Vous trouverez le questionnaire ici : http://docs.google.com/spreadsheet/embeddedform?formkey=dFJhWWcxU0t6dHBzSnRiLTZCWEtDT0E6MQ

Je vous remercie par avance. Si certains le souhaite, je pourrai poster les résultats ultérieurement.
Vous pouvez également me faire part de certaines remarques (constructives) qui pourraient bien évidemment m'aider. Je vous laisse mon adresse mail julienkopp28@gmail.com


----------



## Romuald (25 Août 2012)

Je te deteste.


Tu me casses les couilles.



...


----------



## julienk28 (25 Août 2012)

j'en suis conscient ^^

Mais malheureusement pour moi je suis obligé de faire un mémoire et malheureusement pour vous j'apprécie grandement Apple et leurs stratégies. Et puis ayant déjà travaillé sur Nike et Adidas, je voulais changer un peu de domaine.

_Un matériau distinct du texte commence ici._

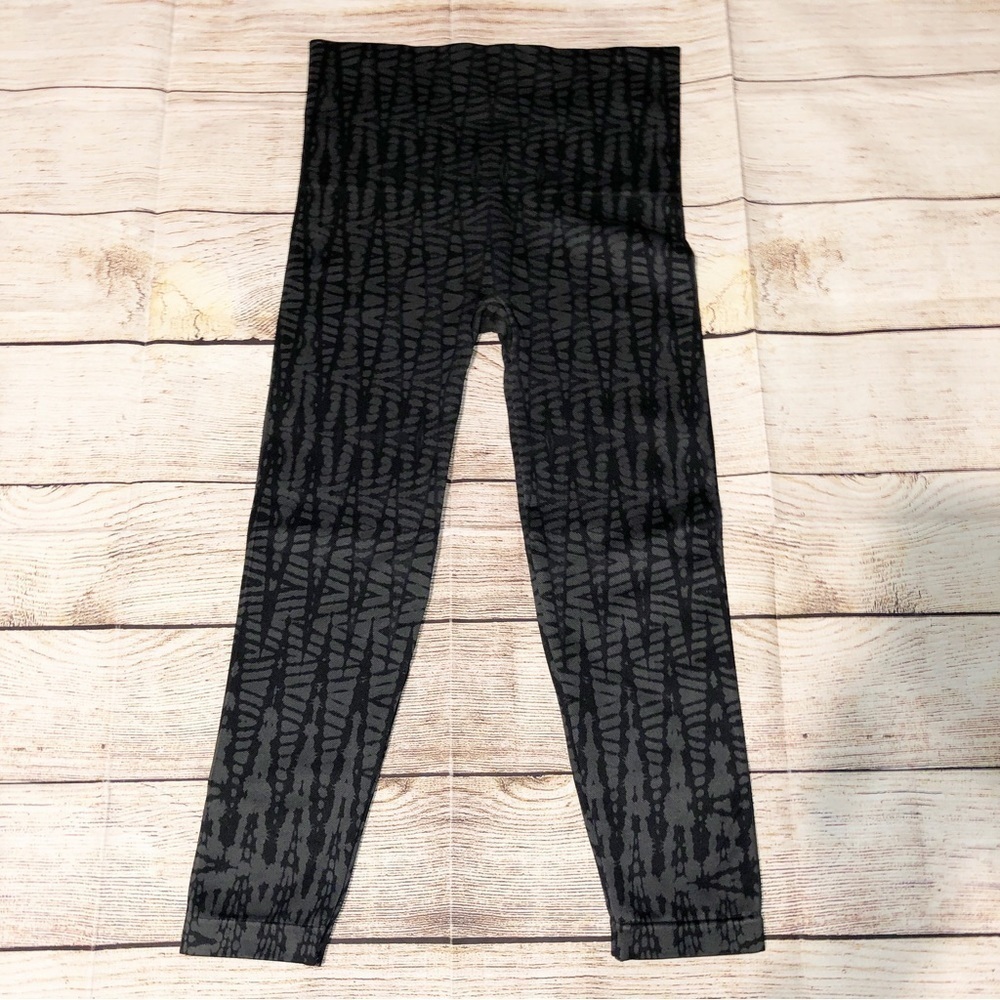 Spanx ‘Look at Me Now’ Seamless Geometric Grey Leggings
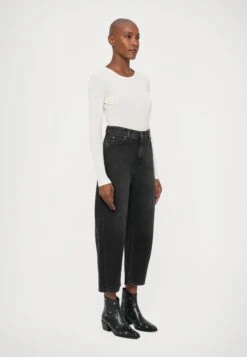 DOUGLAS - Relaxed Fit Jeans - Nero -The LBD Shop 1cbd8b09acd94b49a5bc48fac2fe2b14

En tout cas, merci à toi d'avoir répondu.


----------



## Romuald (25 Août 2012)

Puisque tu le prends bien je me suis fendu de répondre 

Ton truc est pas mal fait, les questions sont les mêmes que dans les autres études qui passent ici mais tu as fait le choix de questions ouvertes la plupart du temps, ça change. Bon courage pour le dépouillement du coup !


----------



## julienk28 (26 Août 2012)

138 vues, mais personne ne daigne répondre ...

Sympa la solidarité ...


----------



## Powerdom (26 Août 2012)

En même temps ici à la terrasse....


----------



## malord (26 Août 2012)

J'ai répondu


----------



## Sly54 (26 Août 2012)

C'est quoi Apple ?


----------



## julienk28 (27 Août 2012)

Powerdom a dit:


> En même temps ici à la terrasse....




Je ne voulais pas polluer d'autres topics. Si tu as un meilleur endroit à me conseiller je suis preneur


----------



## PATOCHMAN (28 Août 2012)

julienk28 a dit:


> ... Si tu as un meilleur endroit à me conseiller je suis preneur



*VA À FANCOULEAUX !!!*


----------



## da capo (28 Août 2012)

PATOCHMAN a dit:


> *VA À FANCOULEAUX !!!*



une petite angoisse avant la rentrée ?


----------



## Romuald (28 Août 2012)

En pleine forme le tonton !


----------



## Membre supprimé 2 (28 Août 2012)

Fancouleaux (ou Fanculo pour les Méridionaux). Vue du ciel de cette petite localité :


----------



## Melounette (28 Août 2012)

PATOCHMAN a dit:


> *VA À FANCOULEAUX !!!*



Ca c'est mon patochounet. :love:


----------



## PATOCHMAN (29 Août 2012)

da capo a dit:


> une petite angoisse avant la rentrée ?



Non... Non non non... Même pas de quoi pondre une merde dans "Lettres mortes"...


----------



## da capo (29 Août 2012)

PATOCHMAN a dit:


> Non... Non non non... Même pas de quoi pondre une merde dans "Lettres mortes"...



:sleep:


----------



## croupe_d_airain (1 Septembre 2012)

BRANTAMOUILLE ET VA FAIRE LA MANCHE AUTRE PART AVEC TES AMIS LES ROMS le corse est devenu timide mdr


----------



## Sly54 (1 Septembre 2012)

croupe_d_airain a dit:


> truc bizarre



:mouais:

N'est pas Patoche qui veut


----------



## Romuald (1 Septembre 2012)

C'est pas bizarre, c'est tatouille qui double-pseudote...


----------



## subsole (1 Septembre 2012)

Sly54 a dit:


> :mouais:
> 
> N'est pas Patoche qui veut



Toutafé.


----------



## ergu (2 Septembre 2012)

julienk28 a dit:


> Si certains le souhaite, je pourrai poster les résultats ultérieurement.



Hé, hé, hé.


----------